**Exercise objective**
Beneath this task are records; print exactly the stretch of them from the line with "Spring Summer Cotton" through the line with "2件装，2D平面，2026毕", both ends included.

**Input data**
[Start of section]

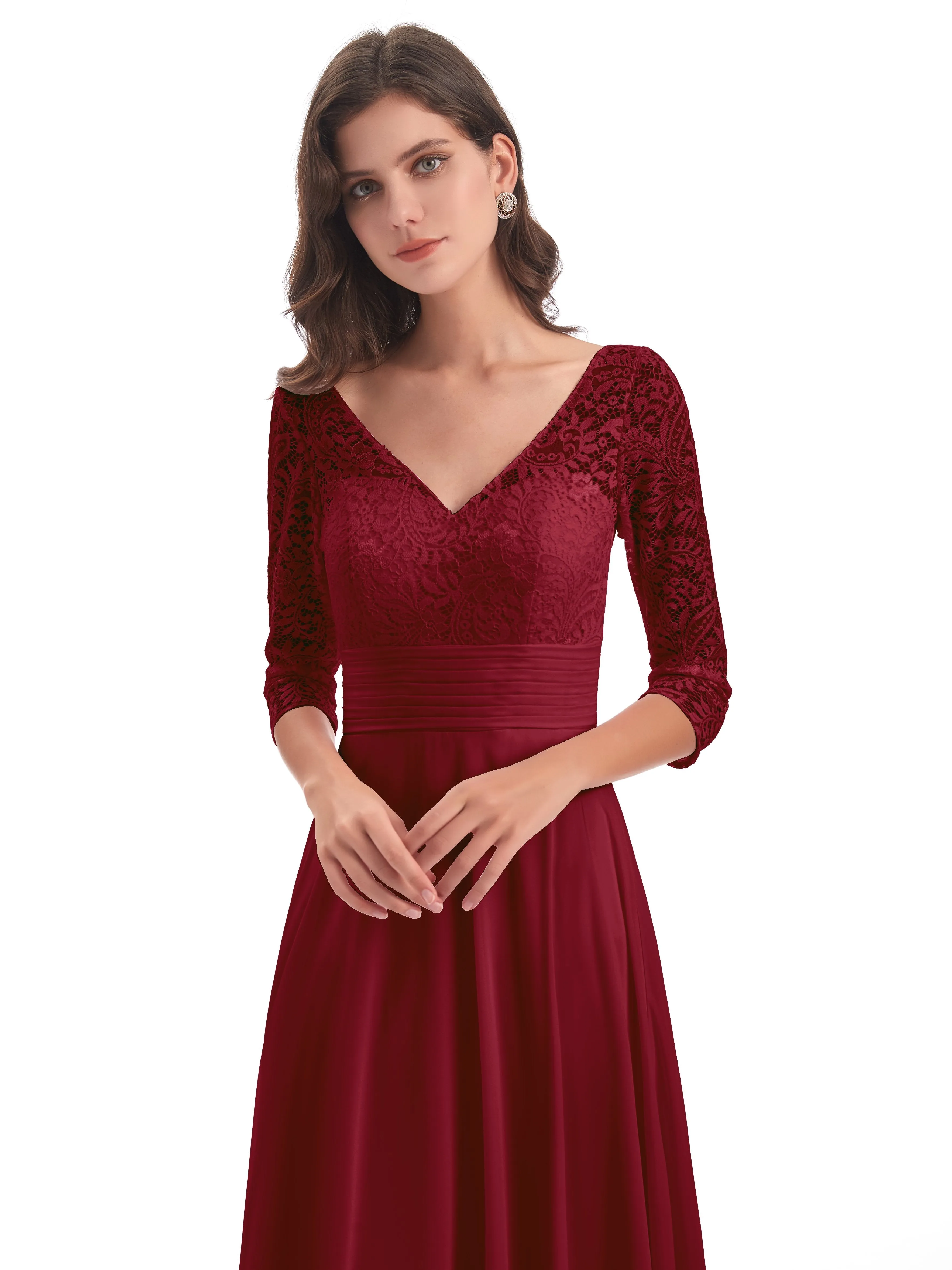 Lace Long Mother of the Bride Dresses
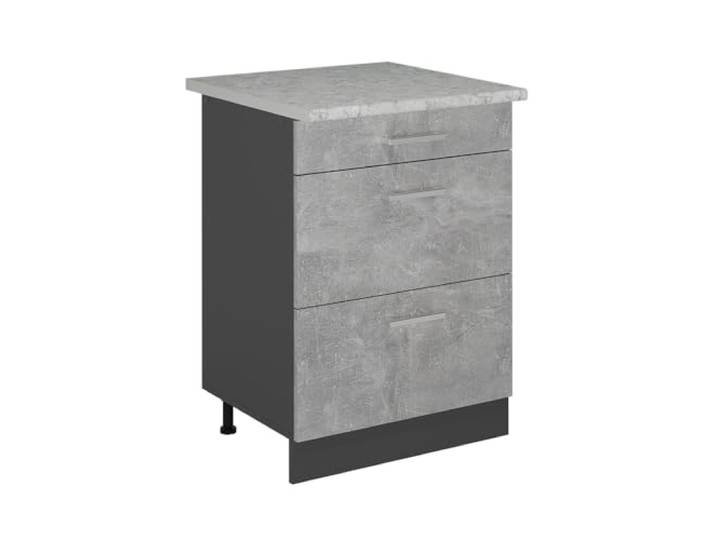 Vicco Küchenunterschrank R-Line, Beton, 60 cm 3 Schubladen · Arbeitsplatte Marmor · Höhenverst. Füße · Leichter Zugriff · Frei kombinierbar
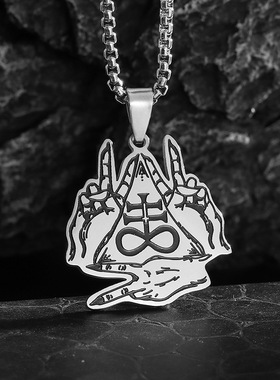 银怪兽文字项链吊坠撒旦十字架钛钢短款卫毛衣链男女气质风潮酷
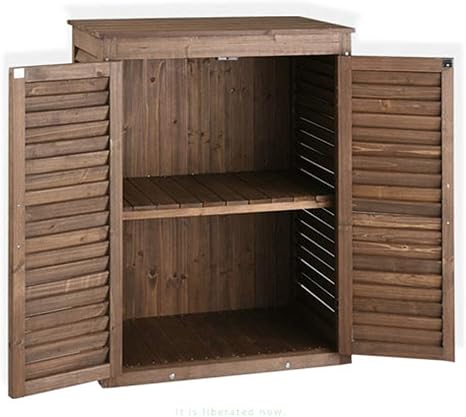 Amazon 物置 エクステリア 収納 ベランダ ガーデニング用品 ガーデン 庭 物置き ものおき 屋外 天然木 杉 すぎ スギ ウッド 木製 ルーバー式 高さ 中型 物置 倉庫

[End of section]
[Start of section]

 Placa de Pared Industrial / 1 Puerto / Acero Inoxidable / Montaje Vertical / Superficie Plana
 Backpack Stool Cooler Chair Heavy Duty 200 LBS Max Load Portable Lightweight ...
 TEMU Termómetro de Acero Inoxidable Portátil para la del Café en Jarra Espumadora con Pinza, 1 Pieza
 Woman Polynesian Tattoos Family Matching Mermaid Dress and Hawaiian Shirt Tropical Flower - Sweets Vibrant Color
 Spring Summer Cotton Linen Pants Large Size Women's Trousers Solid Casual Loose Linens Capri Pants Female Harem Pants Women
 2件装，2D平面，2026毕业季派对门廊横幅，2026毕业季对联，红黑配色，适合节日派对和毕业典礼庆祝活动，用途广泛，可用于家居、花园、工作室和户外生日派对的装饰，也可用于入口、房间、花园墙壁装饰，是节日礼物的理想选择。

[End of section]

**Result of this exercise**
 Spring Summer Cotton Linen Pants Large Size Women's Trousers Solid Casual Loose Linens Capri Pants Female Harem Pants Women
 2件装，2D平面，2026毕业季派对门廊横幅，2026毕业季对联，红黑配色，适合节日派对和毕业典礼庆祝活动，用途广泛，可用于家居、花园、工作室和户外生日派对的装饰，也可用于入口、房间、花园墙壁装饰，是节日礼物的理想选择。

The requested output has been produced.